Comment by __MatrixMan__
2 days ago
I'm not saying that it's a conclusion that we should jump to. Just that it's silly to expect people not to consider it first. It's more related to why we're looking up in the first place than any of its alternatives.
It's so ridiculous that the only reason to expend a single keystroke on it is to demolish it.
Consider what the implication would be if these are ET spacecraft. The galaxy would be absolute soaked in ETI. The Fermi argument would then bite maximally: why did we even evolve, if the galaxy has been so saturated? Why wasn't every single planet and asteroid used for colonies and resources ages ago?
It's important to realize that science fictional tropes of galaxies with everyone zooming around in spaceships having adventures are not consistent with what we observe.
What does the low probability have to do with it?
If you had asked Galileo's contemporaries about the probability that he'd find moons orbiting Jupiter, they'd have put it at zero, and they turned out to be wrong.
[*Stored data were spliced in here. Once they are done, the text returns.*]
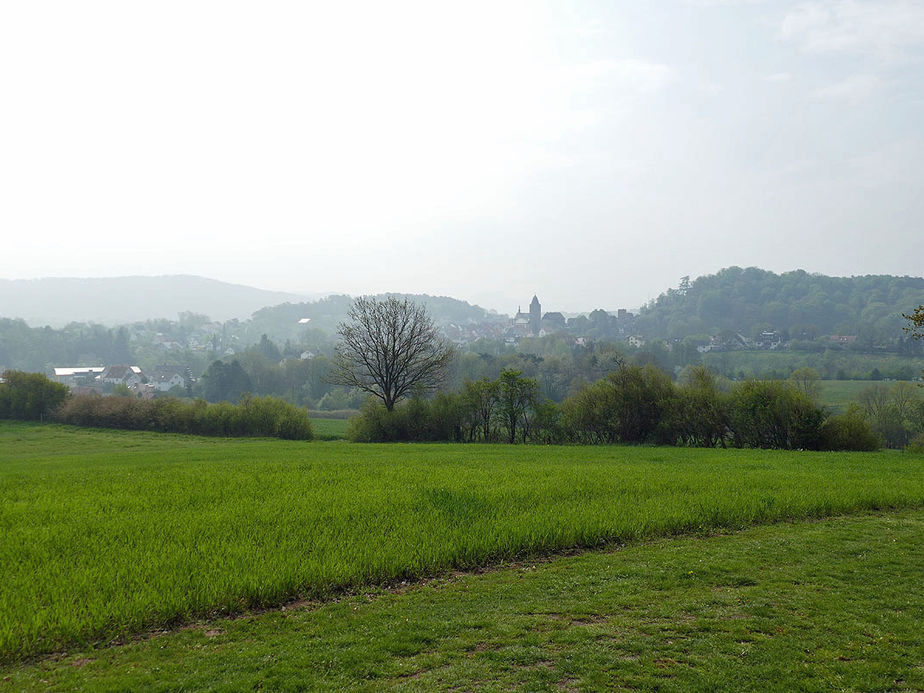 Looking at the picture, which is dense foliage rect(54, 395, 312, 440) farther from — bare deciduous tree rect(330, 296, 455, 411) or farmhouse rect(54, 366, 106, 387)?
farmhouse rect(54, 366, 106, 387)

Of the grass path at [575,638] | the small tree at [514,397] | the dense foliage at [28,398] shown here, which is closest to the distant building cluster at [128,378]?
the dense foliage at [28,398]

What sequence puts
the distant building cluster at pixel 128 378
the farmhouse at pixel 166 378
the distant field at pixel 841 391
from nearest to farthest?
the distant field at pixel 841 391, the distant building cluster at pixel 128 378, the farmhouse at pixel 166 378

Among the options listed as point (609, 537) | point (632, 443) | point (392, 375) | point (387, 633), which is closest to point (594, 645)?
point (387, 633)

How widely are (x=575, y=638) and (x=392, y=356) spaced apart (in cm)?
4048

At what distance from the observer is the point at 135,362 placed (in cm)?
19775

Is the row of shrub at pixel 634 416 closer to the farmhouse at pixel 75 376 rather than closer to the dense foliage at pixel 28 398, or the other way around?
the dense foliage at pixel 28 398

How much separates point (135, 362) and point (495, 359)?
151 meters

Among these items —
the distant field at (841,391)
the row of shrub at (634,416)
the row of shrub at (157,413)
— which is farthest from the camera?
the distant field at (841,391)

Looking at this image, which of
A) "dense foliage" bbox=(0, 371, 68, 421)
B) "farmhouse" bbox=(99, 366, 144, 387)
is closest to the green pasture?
"dense foliage" bbox=(0, 371, 68, 421)

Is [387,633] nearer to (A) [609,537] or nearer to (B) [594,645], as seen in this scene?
(B) [594,645]

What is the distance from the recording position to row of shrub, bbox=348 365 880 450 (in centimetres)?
3300

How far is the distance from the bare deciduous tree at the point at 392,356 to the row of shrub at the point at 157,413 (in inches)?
239

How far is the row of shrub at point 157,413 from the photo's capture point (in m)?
46.5

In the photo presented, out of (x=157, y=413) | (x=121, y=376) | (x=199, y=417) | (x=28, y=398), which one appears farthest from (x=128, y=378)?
(x=199, y=417) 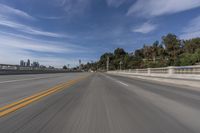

Einstein's work was also in flagrant disregard of the established scientific sensibilities of the time.
I can't speak for everybody, but the excitement that I get when I look through a telescope, or a microscope, or commune with any machine that can see something that I can't... it comes from the possibility that I'll see something impossible, something that invalidates the theories which previously governed what I'm likely to see. It's why we keep building better telescopes and bigger particle colliders--because we want to prove ourselves wrong.
It's fine to be a rationalist with an appreciation for existing theory, but it's not irrationality when others attempt to invalidate what you're protecting--thats where progress comes from. We wouldn't know as much as we do without the people who look for things that shouldn't be there on the basis of viewpoints outside of accepted theory.